## WHAT IS NEEDED
Each line of the data below from the one holding "ComfyCabin 3 AvidaTowersRiala" to the one holding "Mijnstadion - K. Beringen", inclusive, is to be reproduced exactly; no other line belongs in the answer.

## MATERIALS PROVIDED
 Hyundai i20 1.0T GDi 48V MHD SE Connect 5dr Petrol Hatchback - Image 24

---

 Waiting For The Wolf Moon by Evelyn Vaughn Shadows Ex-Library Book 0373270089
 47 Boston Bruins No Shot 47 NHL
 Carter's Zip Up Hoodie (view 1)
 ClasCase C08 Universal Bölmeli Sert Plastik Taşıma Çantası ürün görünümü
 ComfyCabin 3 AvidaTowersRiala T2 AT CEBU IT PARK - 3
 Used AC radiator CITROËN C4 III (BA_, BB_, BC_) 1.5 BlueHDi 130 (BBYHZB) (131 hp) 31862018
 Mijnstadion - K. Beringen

## RESULT OF THIS EXERCISE
 ComfyCabin 3 AvidaTowersRiala T2 AT CEBU IT PARK - 3
 Used AC radiator CITROËN C4 III (BA_, BB_, BC_) 1.5 BlueHDi 130 (BBYHZB) (131 hp) 31862018
 Mijnstadion - K. Beringen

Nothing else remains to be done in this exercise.